I was all excited and riding on the momentum of the Mormon Militia when I got these little fellas all primed up. And…they sat there on the workstation and stared back at me…all unpainted…all 45+ of them. And my fire fizzled, ugh. But I rallied later in the week and sat in for a few marathon sessions and managed to get all but 10 of them done. Now I remember why I like skirmish armies. But the look of a battlefield full of companies and regiments all awaiting battle is just amazing so I plug on and have a new respect for some of the pictures I see from gaming conventions where the armies have 300-400 miniatures per side.

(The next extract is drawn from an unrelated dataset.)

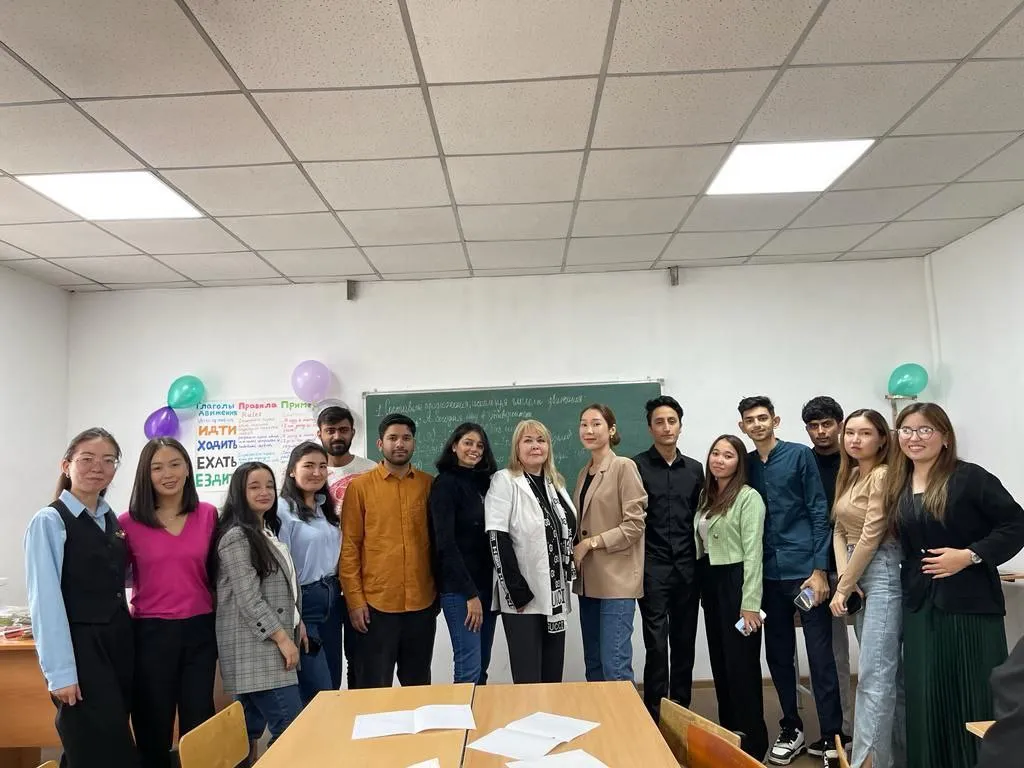 International Medical School Kazakhstan students and teacher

Really not much different than the Confederates other than the colors which may or may not be 100% historically correct but good enough for me.
Again, no basing yet as I’ve not committed to a set of rules but it looks like I’m leaning to a DBx style sabot that can be mounted up on an Impetus movement tray. This will allow the Natives a little more freedom to move but still keep the formation look of the 1880’s.

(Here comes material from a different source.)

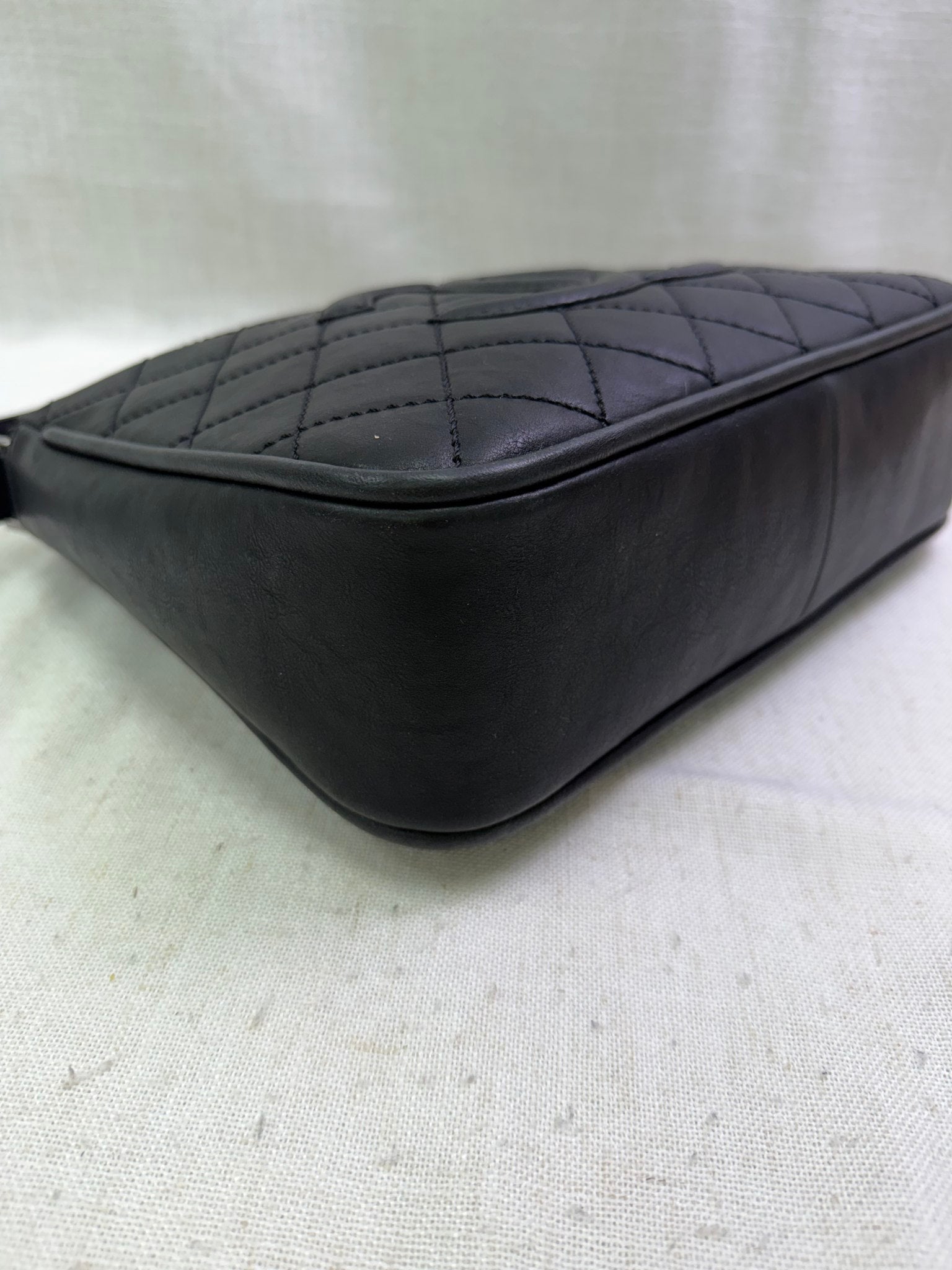 Chanel Vintage Black Quilted Lambskin Timeless CC Hobo Bag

Around here we’re trying (not very successfully yet,mind you) at getting back to our weekly winter board game night. This week’s pick is a game called Quarto, published by a French company called Gigamic. A simple game consisting of 16 high quality hardwood shaped pieces and a wooden board.
This is one of those “quick to learn – long to master” abstract games that is great for filling in some extra time. The object is really easy: to get four elements, or characteristics, in a row. The elements are tall, short, solid, hollow, square, round, dark and light colored. Seems easy enough but the twist is that your opponent decides which piece you will play.
So in the above picture my daughter has essentially won because any piece I choose for her to play will win by playing it in the center row, second circle down. It will either be solid or hollow giving her the Quarto in a diagonal line. A light colored piece would also win by playing it in the leftmost second circle up. Easy enough, but for a more challenging game you can create a square of common elements as well as the lines giving you 9 extra ways to win.
I love games like this and wonder why we haven’t played it yet. Time, never have time. With winter rolling around again I am hoping we can get back to a schedule that allows it.